How to complete this task —
Your answer should hold only the lines from the one containing "New 2026 Toyota Crown Platinum image 6" through the last line below, copied exactly; pictures stay out.

Data section —
····················
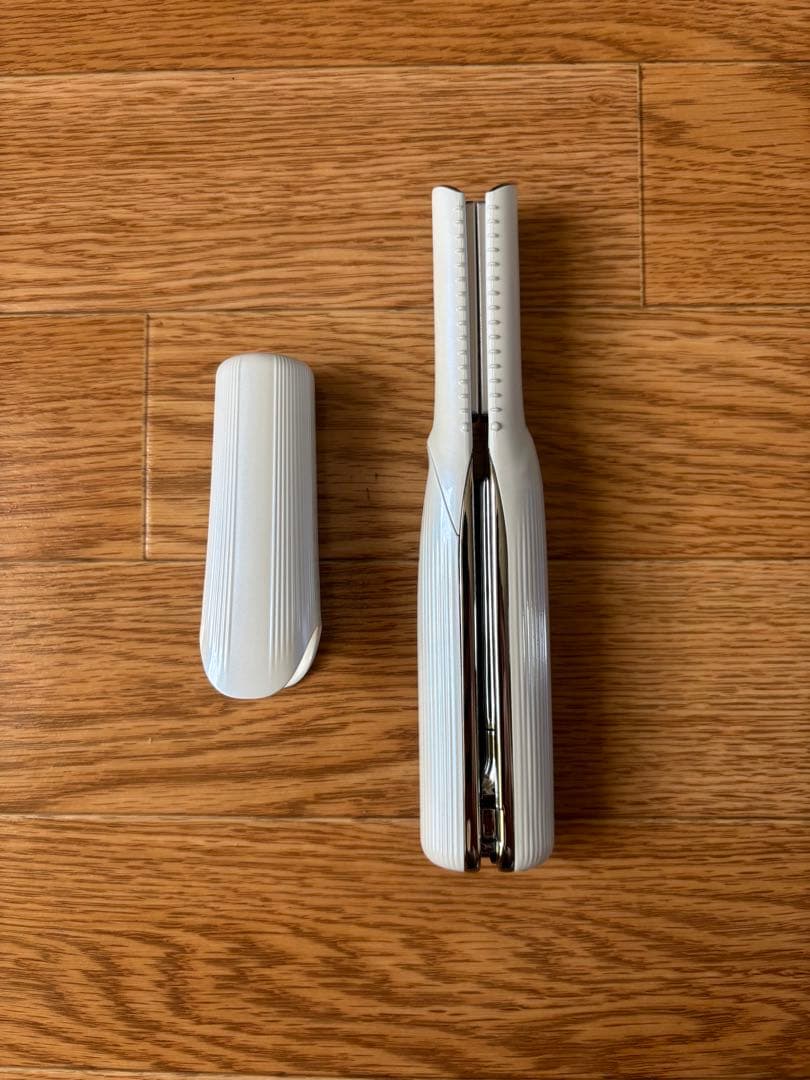 ReFa ヘアアイロン キャップ付き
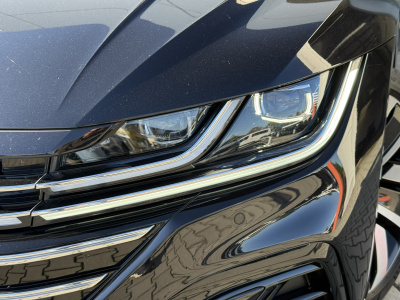 VW Arteon 2.0 TSI R-Line (pohľad zozadu)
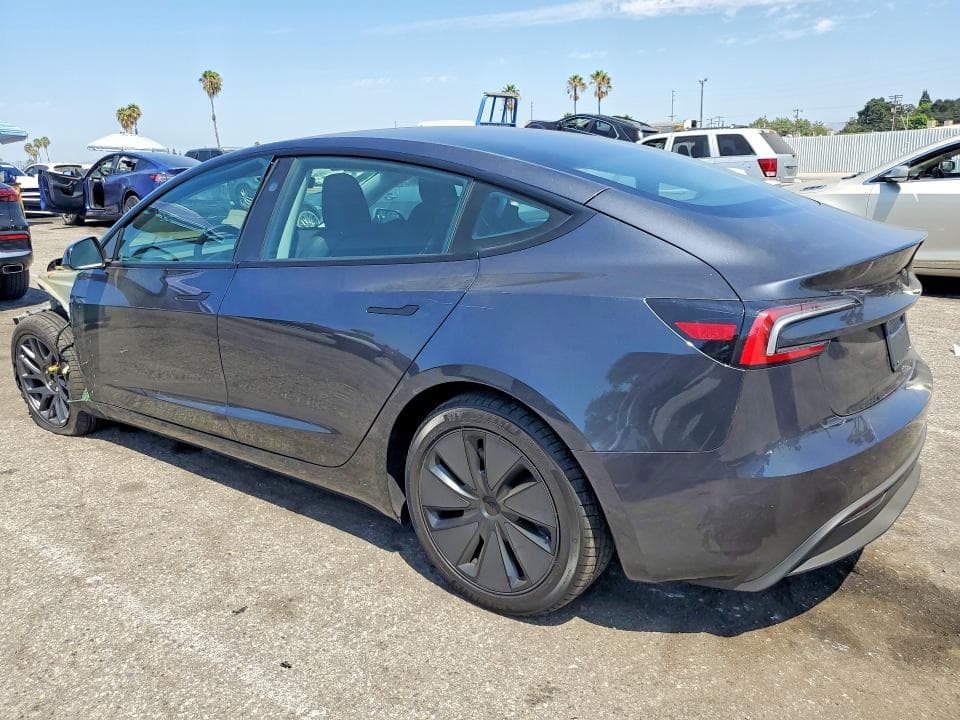 2026 TESLA MODEL 3 2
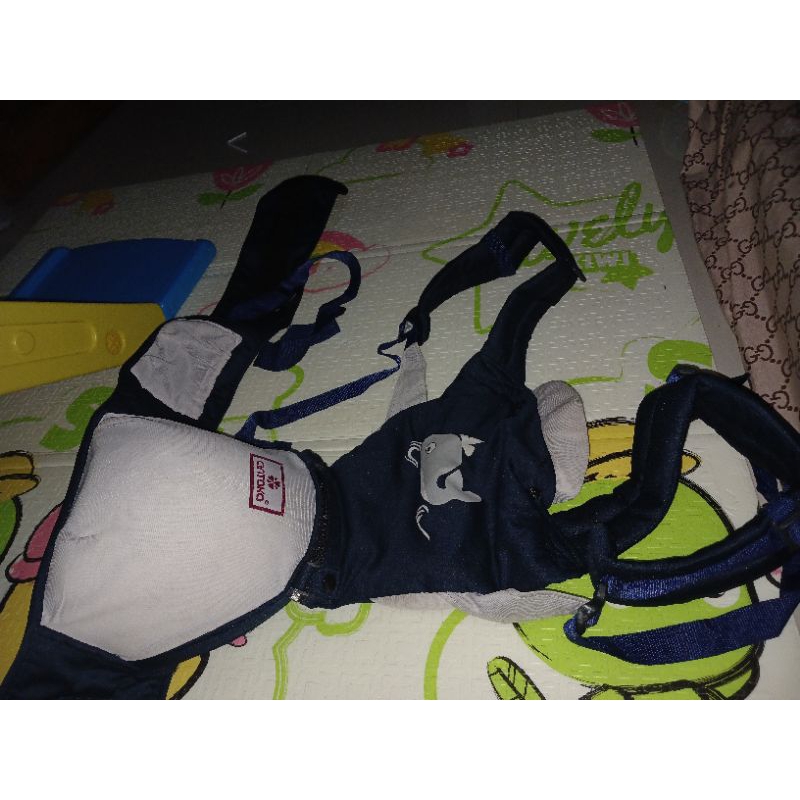Gendongan bayi hipseat second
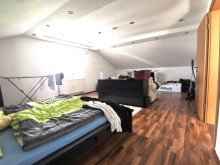 Schlafzimmer DG GLOBAL INVEST SINSHEIM | Tolles Einfamilienhaus mit Einliegerwohnung mit �ber 330m� Wohnfl�che in Schefflenz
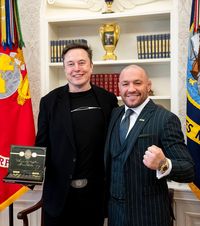 McGregor i-a cerut ajutorul lui Musk  Fostul campion din UFC, probleme în campania pentru a deveni   noul președinte  al Irlandei: „Nivel demn de Superman”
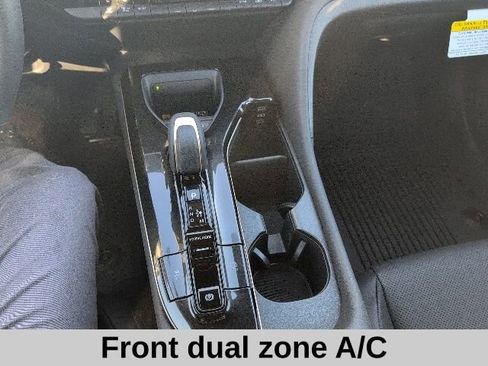 New 2026 Toyota Crown Platinum image 6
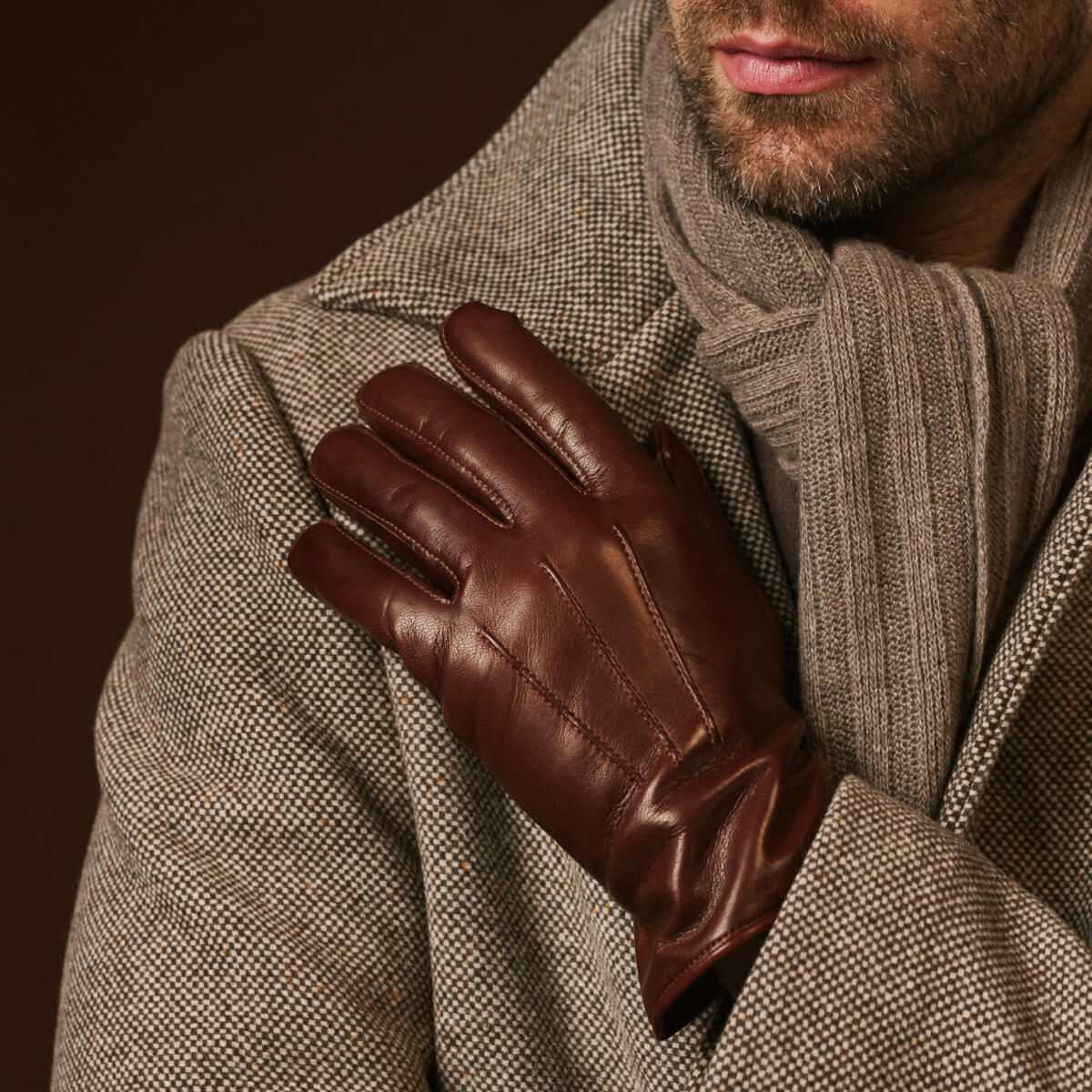 Giovanni (brown) - Classic Italian lambskin leather gloves with cashmere lining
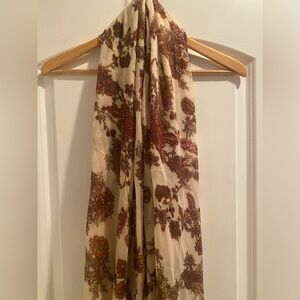 Women’s fashion scarf in burgundy floral OS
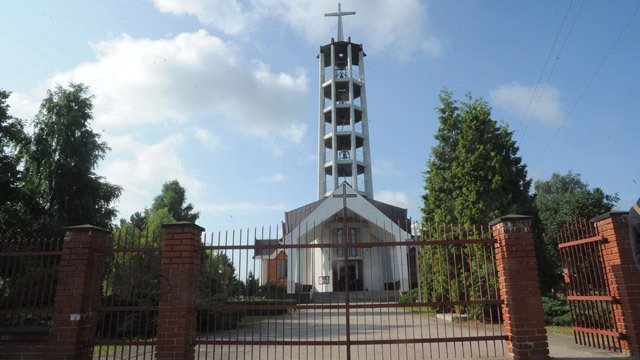 Kościół w Jasienicy zamknięty do odwołania. "W trosce o bezpieczeństwo wiernych"
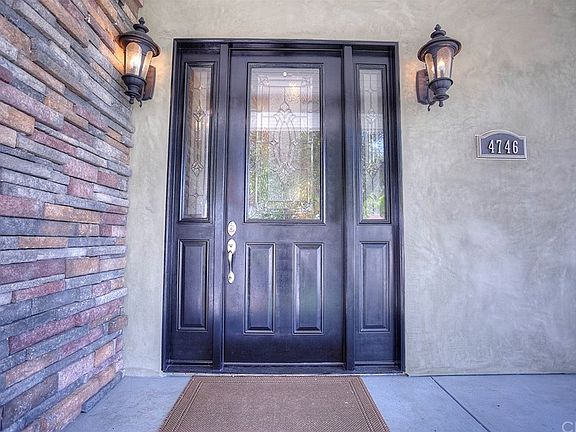 3rd image of 4746 Fidler Ave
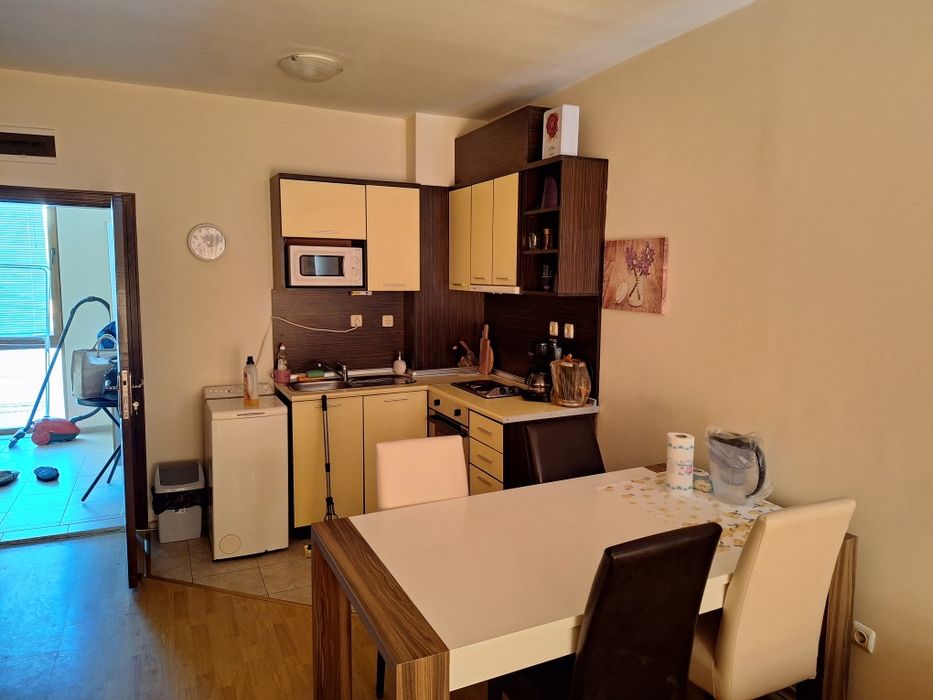 Дава се под наем Двустаен апартамент в Свети Влас - 67 кв.м за 204 € - Снимка #5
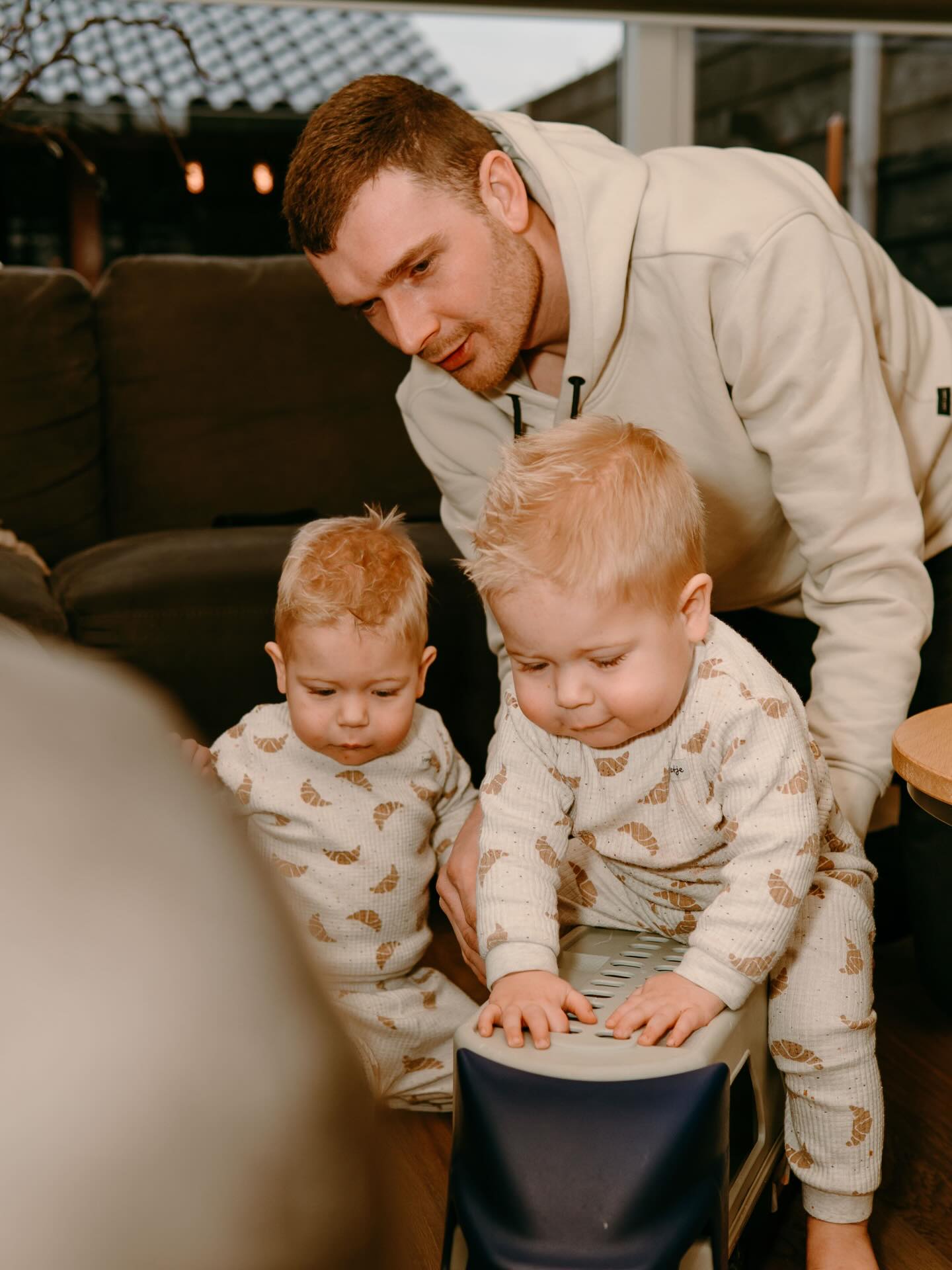 Wat zo gewoon voelt, blijkt later zó kostbaar.
Twee kleine ontdekkers, vieze handjes, grote concentratie…
en papa die net iets langer blijft hangen om dit moment in zich op te nemen. 🤍
Dit zijn geen perfecte plaatjes.
Dit is het echte leven.
En precies dát wil je onthouden.
Voor later.
Voor als ze groot zijn.
Voor jou.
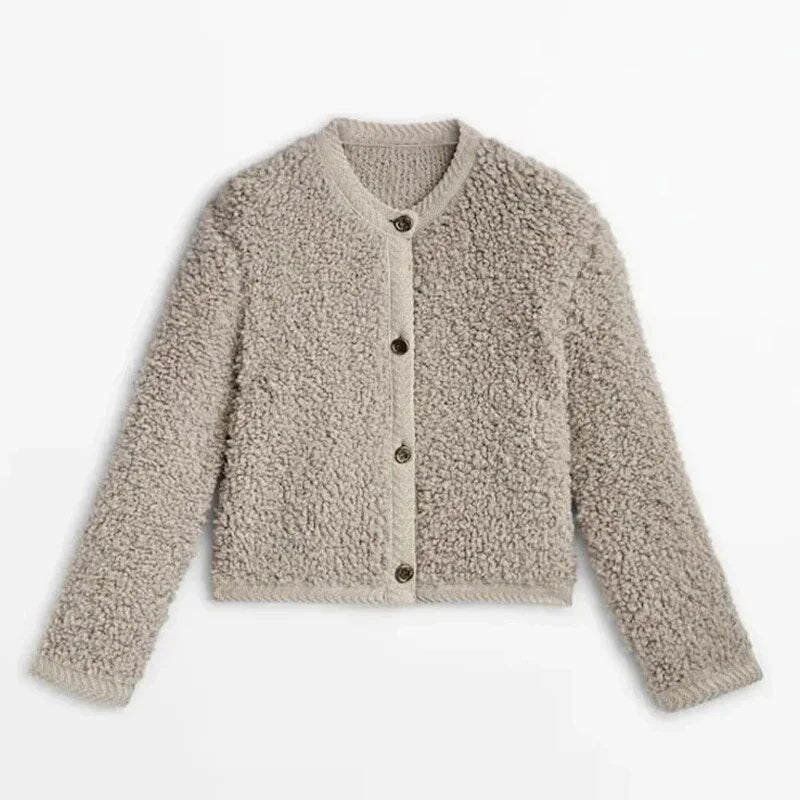 Angelika | Weiche, warme und stilvolle Strickjacke 1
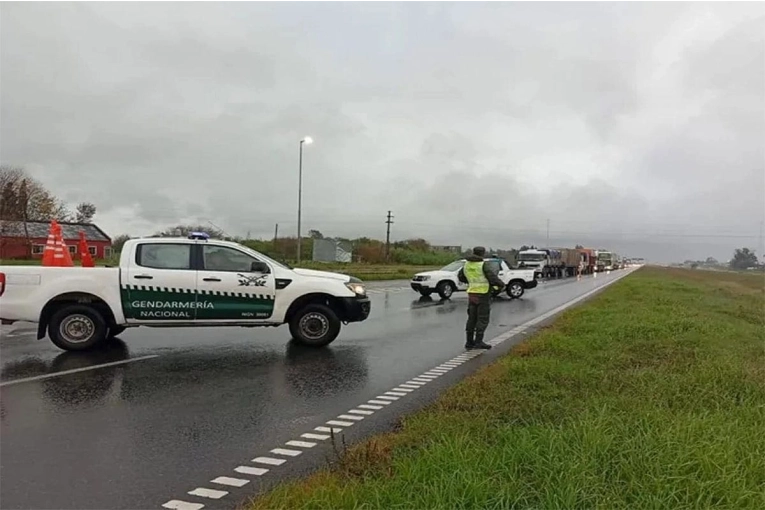Por un grave siniestro está cortada la ruta 12 en sentido norte-sur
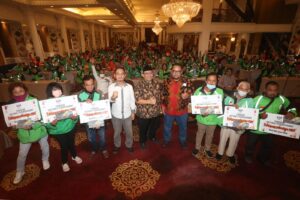 Ultah ke-5 , PDOI Jatim Gelar Anugerah “Pahlawan Keluarga 2022” untuk Ojol Lansia dan Disabilitas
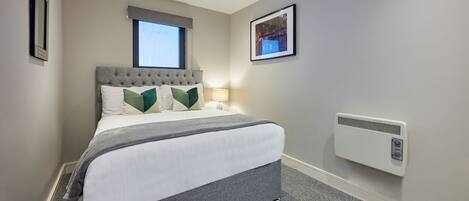 2 多间卧室、熨斗/熨衣板、WiFi、床单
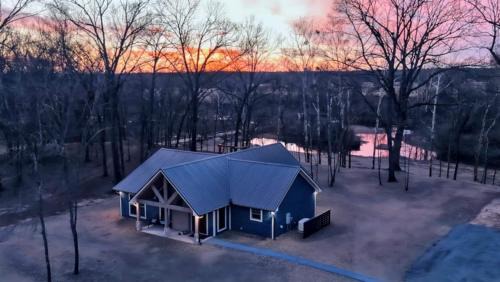 Golden House | Riverfront Retreat Beach, Fishing & Trails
····················
Reply —
 New 2026 Toyota Crown Platinum image 6
 Giovanni (brown) - Classic Italian lambskin leather gloves with cashmere lining
 Women’s fashion scarf in burgundy floral OS
 Kościół w Jasienicy zamknięty do odwołania. "W trosce o bezpieczeństwo wiernych"
 3rd image of 4746 Fidler Ave
 Дава се под наем Двустаен апартамент в Свети Влас - 67 кв.м за 204 € - Снимка #5
 Wat zo gewoon voelt, blijkt later zó kostbaar.
Twee kleine ontdekkers, vieze handjes, grote concentratie…
en papa die net iets langer blijft hangen om dit moment in zich op te nemen. 🤍
Dit zijn geen perfecte plaatjes.
Dit is het echte leven.
En precies dát wil je onthouden.
Voor later.
Voor als ze groot zijn.
Voor jou.
 Angelika | Weiche, warme und stilvolle Strickjacke 1
Por un grave siniestro está cortada la ruta 12 en sentido norte-sur
 Ultah ke-5 , PDOI Jatim Gelar Anugerah “Pahlawan Keluarga 2022” untuk Ojol Lansia dan Disabilitas
 2 多间卧室、熨斗/熨衣板、WiFi、床单
 Golden House | Riverfront Retreat Beach, Fishing & Trails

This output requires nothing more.